When you are just settling into your career, the last thing on your mind is planning for retirement. Something a little more pressing on the brain will be things like paying off your student loans, saving up for a house or new car, things that will benefit you right now and well into the future. So why stress about your financial future when you have all these other smart financial choices that will benefit you in the long run as well? Well here is the secret to it all; compounding interest. Most retirement accounts will have compounding interest. Here we will give you all the details of how it works, why it’s important, and how it will benefit you long term. Let’s find out how.
What is compounding interest?
Put simply, compounding interest is when you earn interest on the money you put into an account along with interest previously earned. So the money you contribute along with the interest earned will become your new principal amount and then that new amount will gain interest again. Compound interest is exactly like a snowball effect. Imagine if you contributed a small amount of money each month into your retirement account that utilizes compounding interest how fast it would grow.
How does it work?
Here’s an example to better show how it works. Say you put $1,000 into your account and earned 10% interest annually. By the end of the year your new balance would be $1,100 meaning you earned $100 in interest from your initial $1,000 contribution. You will earn interest at the same 10% rate on your new balance of $1,100 so the following year your balance would be $1,210. Here you can see that instead of only applying the interest to the principal you have contributed, compounding interest applies to the principal you put in, plus any previous interest earned. It’s important to point out that in the example given we did not add any principle. That new amount of money is solely compounding interest.
How will it benefit me?
The benefit is very plain to see. Basically you get free money as long as you keep it in the account so it can keep growing. Your money will grow even more the more principal you put in and the longer you keep it in the account. Using that same example of $1,000 principle amount with a 10% interest rate after one year you would have $1,100. After 5 years it would turn into $1,611 and after 10 years it would be $2,594.
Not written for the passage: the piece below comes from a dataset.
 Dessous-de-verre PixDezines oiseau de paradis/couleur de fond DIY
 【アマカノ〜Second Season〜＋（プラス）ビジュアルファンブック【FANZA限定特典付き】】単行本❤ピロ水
Planning for your financial future can be hard to do in the moment, especially when you have a lot of other financial goals you want to hit. The most common place to see compounding interest applied are in retirement accounts. If you start making small contributions to an account that utilizes compounding interest you will be able to retire sooner and with more money than a typical savings account can offer. Don’t overwhelm yourself. Make and frequently update your financial goals and be sure to keep retirement in mind while planning for your financial future.